I want to know the existence of a class of functions with the following properties. If they exist, how to construct them ? In case they do not exist, please suggest a proof.

Let $ f : \mathbb{R} \to \mathbb{R} $ be a differentiable function with compact support in [0,1]. Let the notation $ Cf(x) = k$ represent that $ f $ is exactly $ k $ times differentiable at the point $ x \in \mathbb{R} $ where $ k \in \mathbb{N} $. $ f $ should satisfy the following properties.

$ Cf(x) >= q $ $\forall x \in \mathbb{Q}\cap (0,1] $ where $ q \in \mathbb{N} $ is denominator of $ x $ when written in simplest form. $ Cf(0) >= 1 $. $ Cf(x) = \infty \forall x \in (\mathbb{R}\setminus\mathbb{Q})\cap[0,1] $. The last statement means that $ f(x) $ is smooth at every $ x\in (\mathbb{R}\setminus\mathbb{Q})\cap[0,1] $.

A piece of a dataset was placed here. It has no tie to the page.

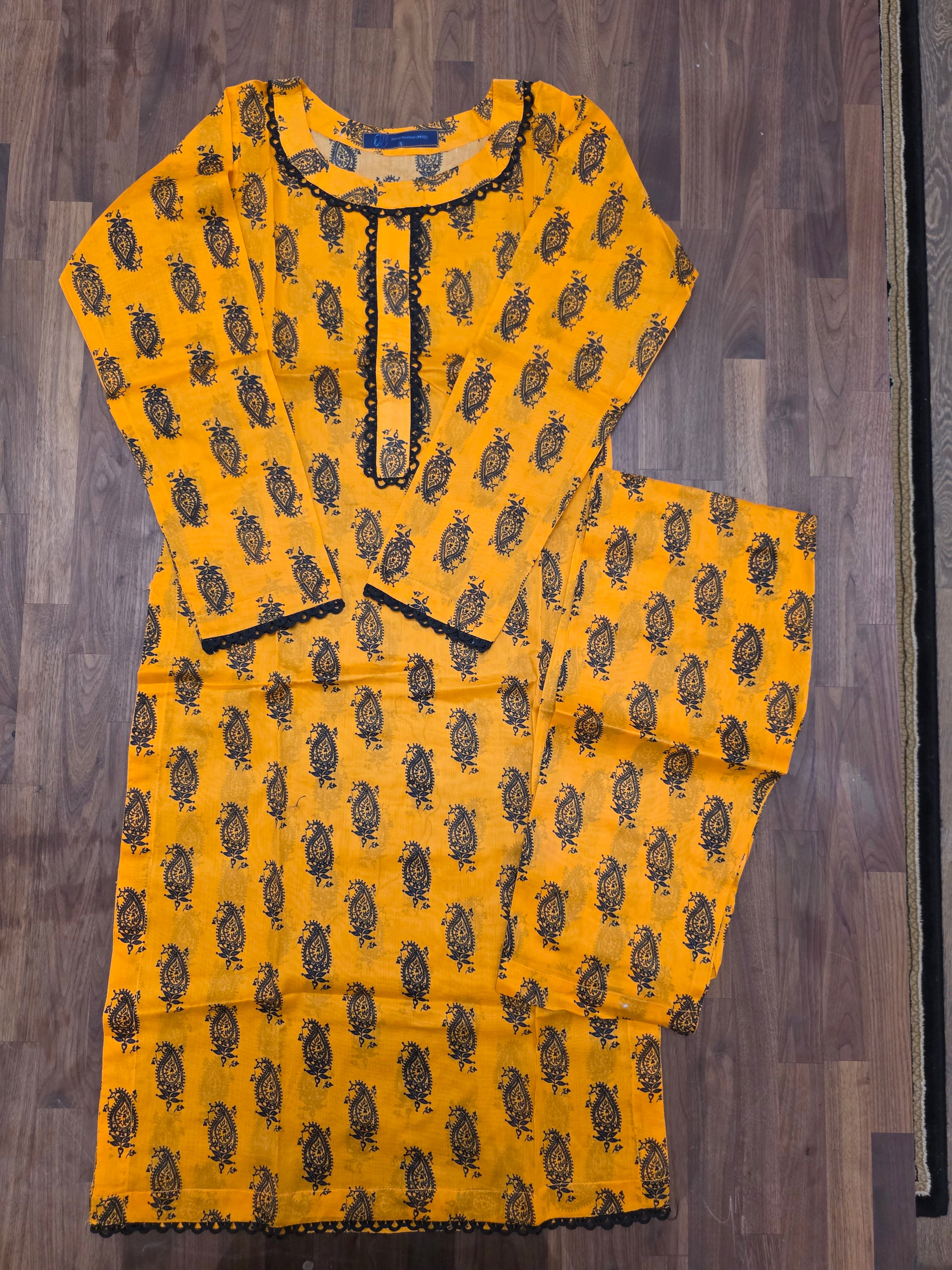 2 Piece Lawn Suit- Mustard Yellow/ Black Paisley Print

I want to study such functions (in case they exist) as they seem to have some very nice properties.Also they might be the most well behaved after smooth functions.

EDIT :

Clarification : $f(x)$ is exactly $k$ times differentiable at $x$ means it is not differentiable more than $k$ times at $x$ .

EDIT 2 :

Clarification : $Cf(x)$ is always finite for $\forall x \in Q\cap (0,1] $

EDIT 3 :

One approach i tried is as given in answer/coments to this question question.

I added such functions starting at every rational point to make up the function and varying the scale of the bump functions $\epsilon$. Making $\epsilon \to 0$ would give a limit function (by making some restrictions) which does not have the desired properties.

EDIT 4 : I would like to know whether you find it interesting due to any reasons or not much due to some obvious reasons. Please comment.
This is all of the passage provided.